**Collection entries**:
________________

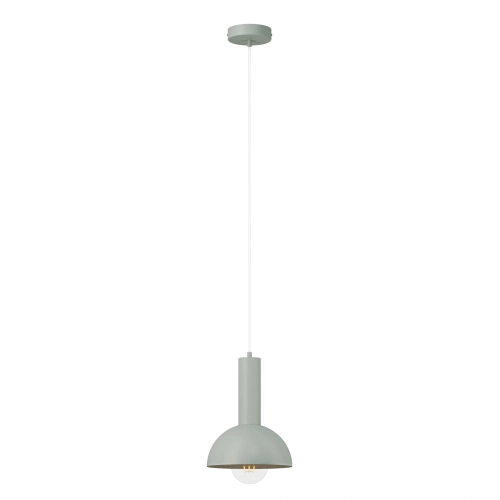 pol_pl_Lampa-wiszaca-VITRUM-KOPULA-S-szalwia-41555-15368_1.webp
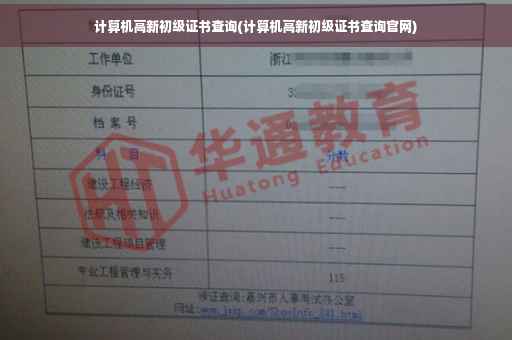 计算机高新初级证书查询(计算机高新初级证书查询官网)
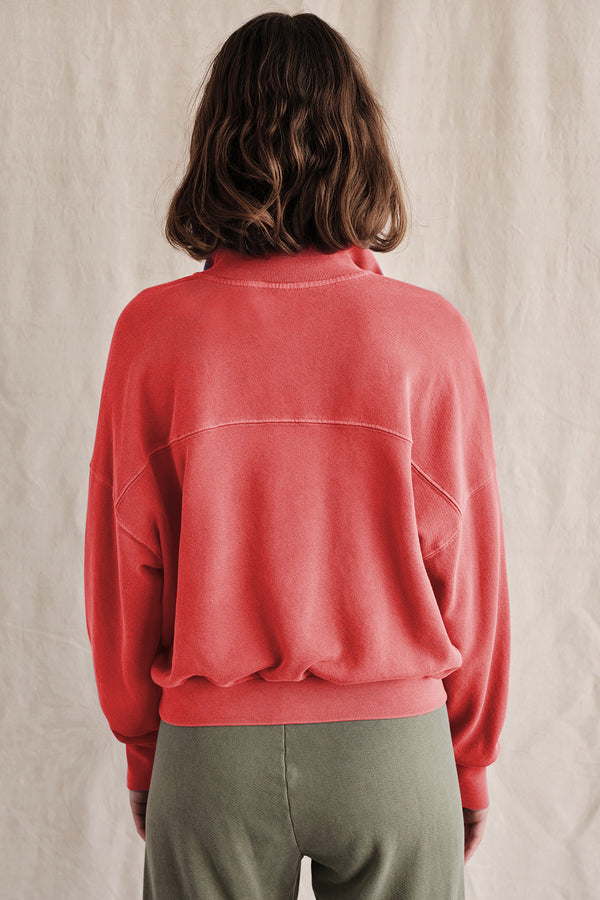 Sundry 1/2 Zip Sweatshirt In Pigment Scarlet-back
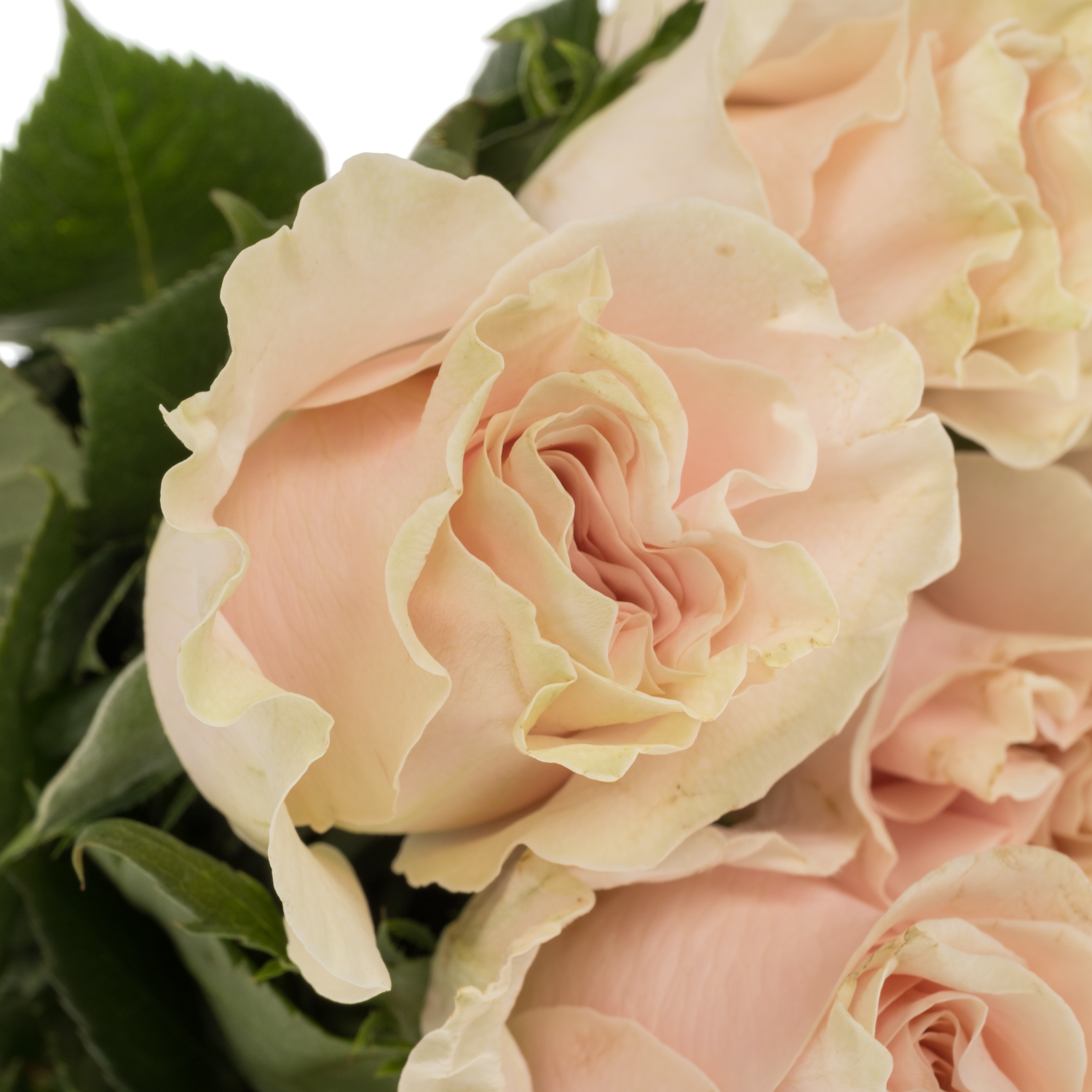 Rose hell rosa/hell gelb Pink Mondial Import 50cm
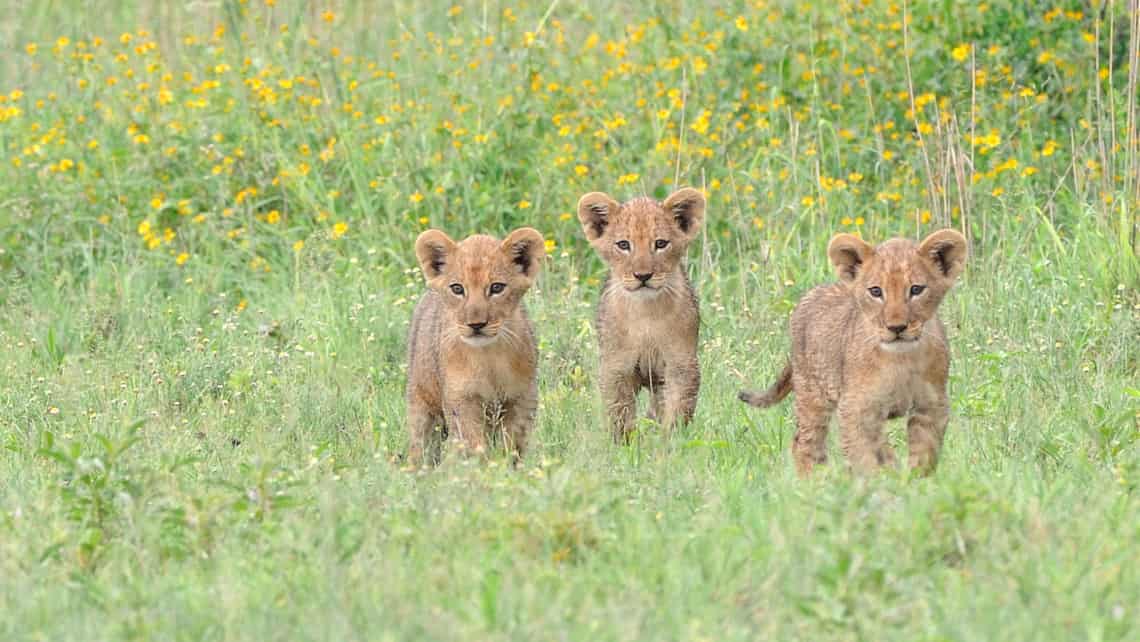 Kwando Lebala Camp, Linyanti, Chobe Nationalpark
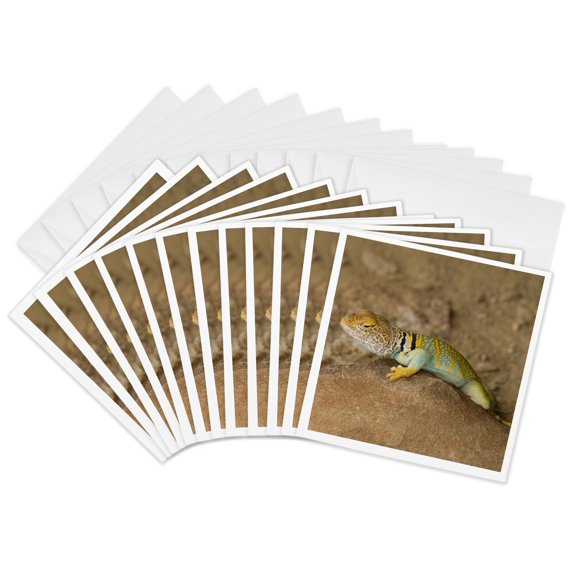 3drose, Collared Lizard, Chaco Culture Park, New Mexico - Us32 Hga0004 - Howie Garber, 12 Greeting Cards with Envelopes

________________

**TASK DETAILS**: Could you set down, exactly as written, every line from the one with "Kwando Lebala Camp, Linyanti, Chobe" to the end of the data, both ends included? Leave out the pictures.

**TASK ANSWER**:
 Kwando Lebala Camp, Linyanti, Chobe Nationalpark
 3drose, Collared Lizard, Chaco Culture Park, New Mexico - Us32 Hga0004 - Howie Garber, 12 Greeting Cards with Envelopes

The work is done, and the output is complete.